> Goal of the exercise: Transcribe exactly the line with "4-Bedroome home, new" and each line that follows it in the listing, down to the last, omitting all pictures.

> Supplied data:
------------------------------------------------------------------------

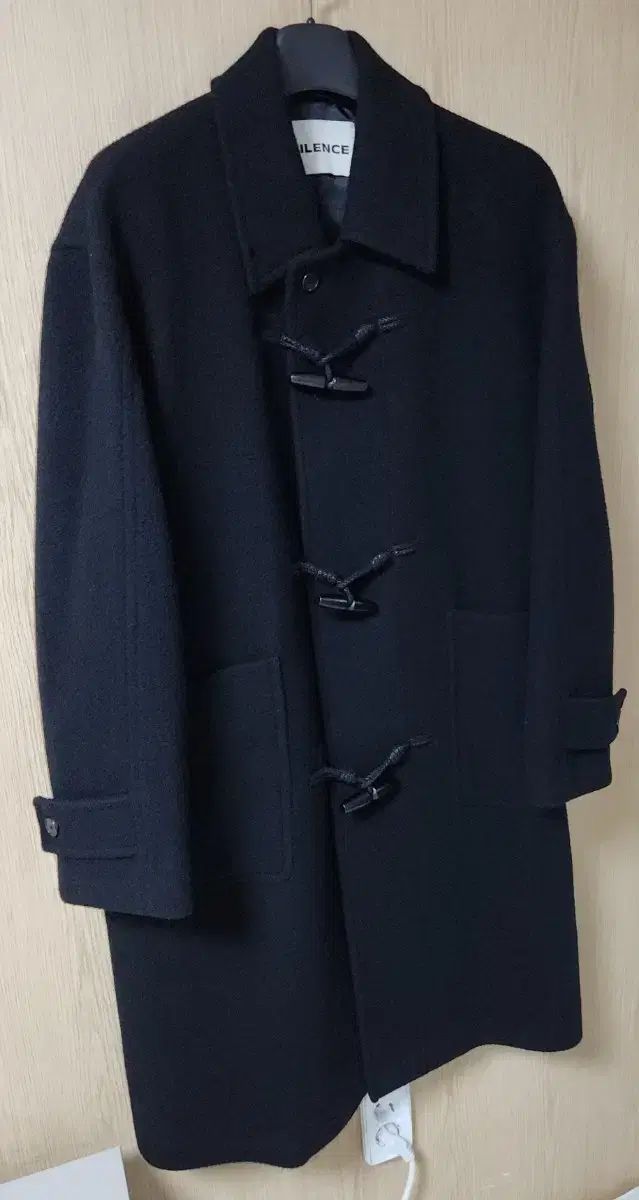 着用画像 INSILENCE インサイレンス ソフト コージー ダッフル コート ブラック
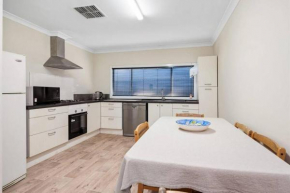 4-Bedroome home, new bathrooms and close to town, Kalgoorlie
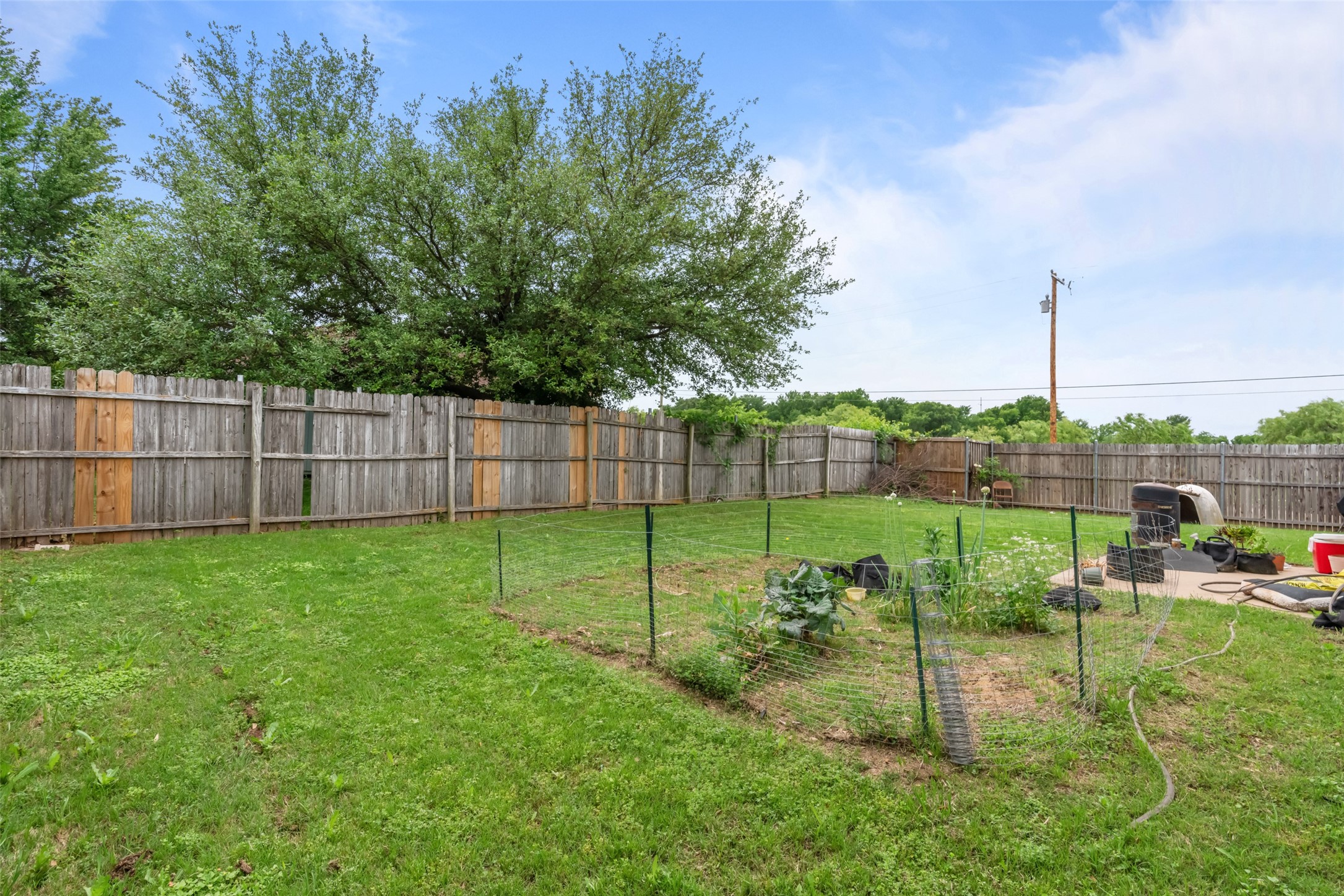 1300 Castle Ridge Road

------------------------------------------------------------------------

> Answer:
 4-Bedroome home, new bathrooms and close to town, Kalgoorlie
 1300 Castle Ridge Road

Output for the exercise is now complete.